━━ Data for review ━━

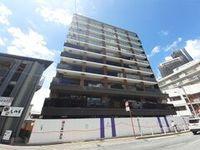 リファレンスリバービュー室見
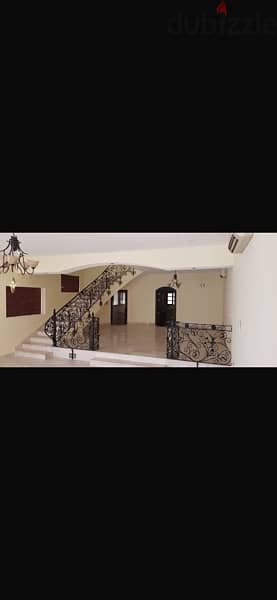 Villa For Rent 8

━━━
━━ Data for review ━━

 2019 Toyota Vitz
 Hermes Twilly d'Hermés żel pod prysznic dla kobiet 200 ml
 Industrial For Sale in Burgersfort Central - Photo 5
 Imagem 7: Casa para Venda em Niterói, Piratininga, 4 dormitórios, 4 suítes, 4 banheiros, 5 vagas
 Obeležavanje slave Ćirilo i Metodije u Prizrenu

━━━
━━ Data for review ━━

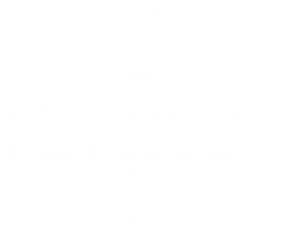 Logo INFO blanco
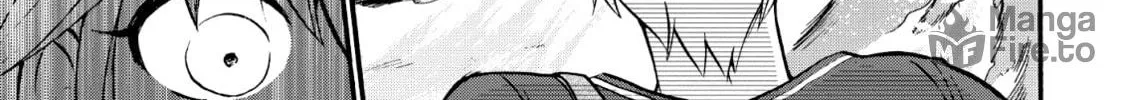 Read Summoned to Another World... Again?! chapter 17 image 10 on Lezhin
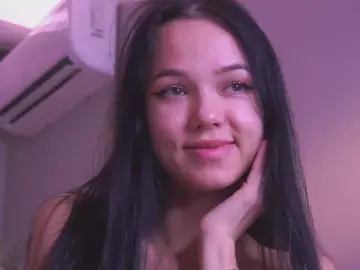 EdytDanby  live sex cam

━━━

> [Problem requirements]: Using the listing above, repeat word for word each line from the one with "Read Summoned to" down to the one with "live sex cam", both included. Omit all pictures.

> [Answer section]:
 Read Summoned to Another World... Again?! chapter 17 image 10 on Lezhin
 EdytDanby  live sex cam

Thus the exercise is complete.